INSTRUCTIONS TO FOLLOW » Starting at the line containing "Una moneda de" and ending at the line containing "Poppy pearl earrings, gold", print every line of the material below exactly, both ends included, and stop there.

EXCERPTED RECORDS »
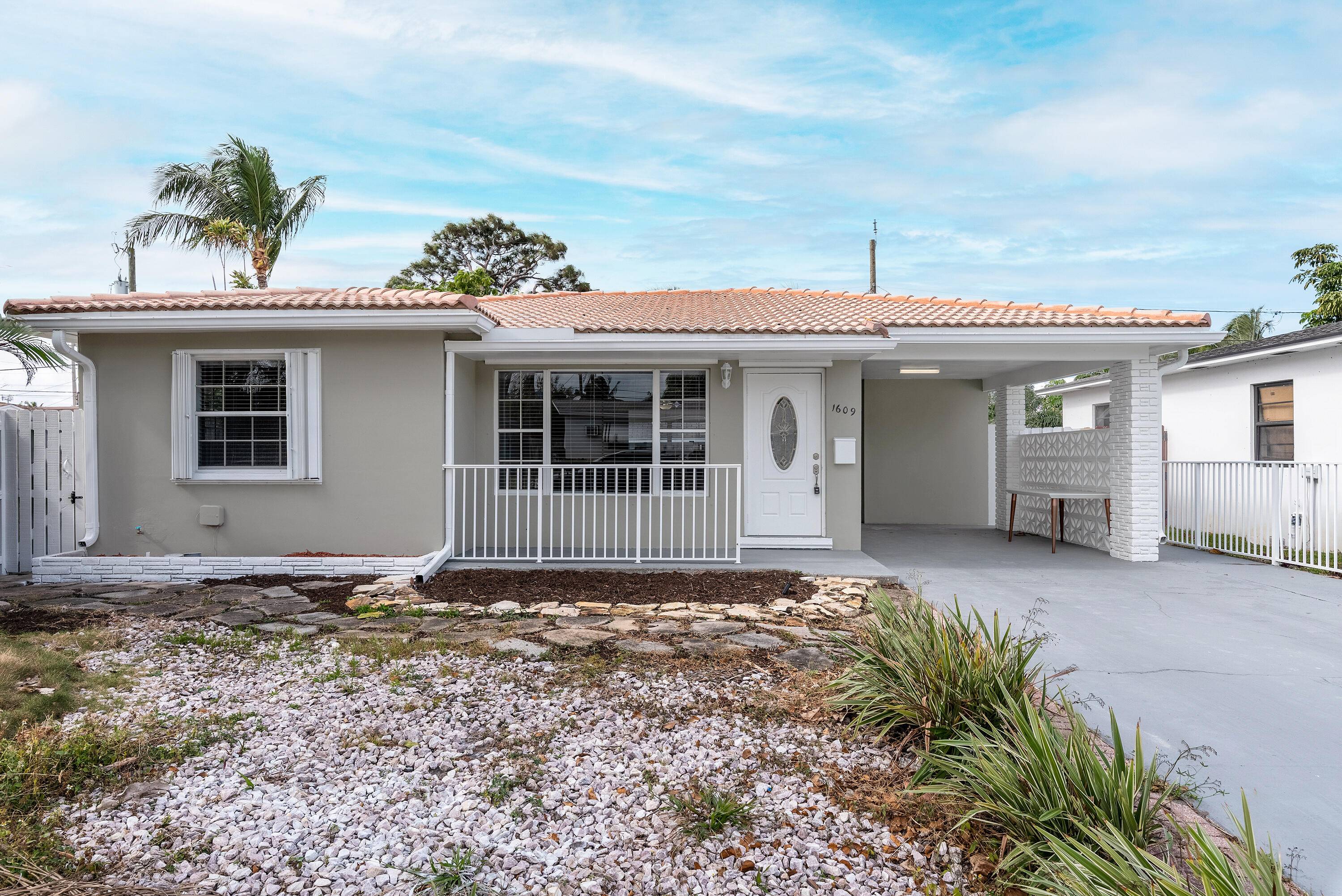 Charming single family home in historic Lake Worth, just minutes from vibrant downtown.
==
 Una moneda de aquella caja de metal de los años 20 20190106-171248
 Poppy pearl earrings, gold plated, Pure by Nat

EXERCISE RESPONSE »
 Una moneda de aquella caja de metal de los años 20 20190106-171248
 Poppy pearl earrings, gold plated, Pure by Nat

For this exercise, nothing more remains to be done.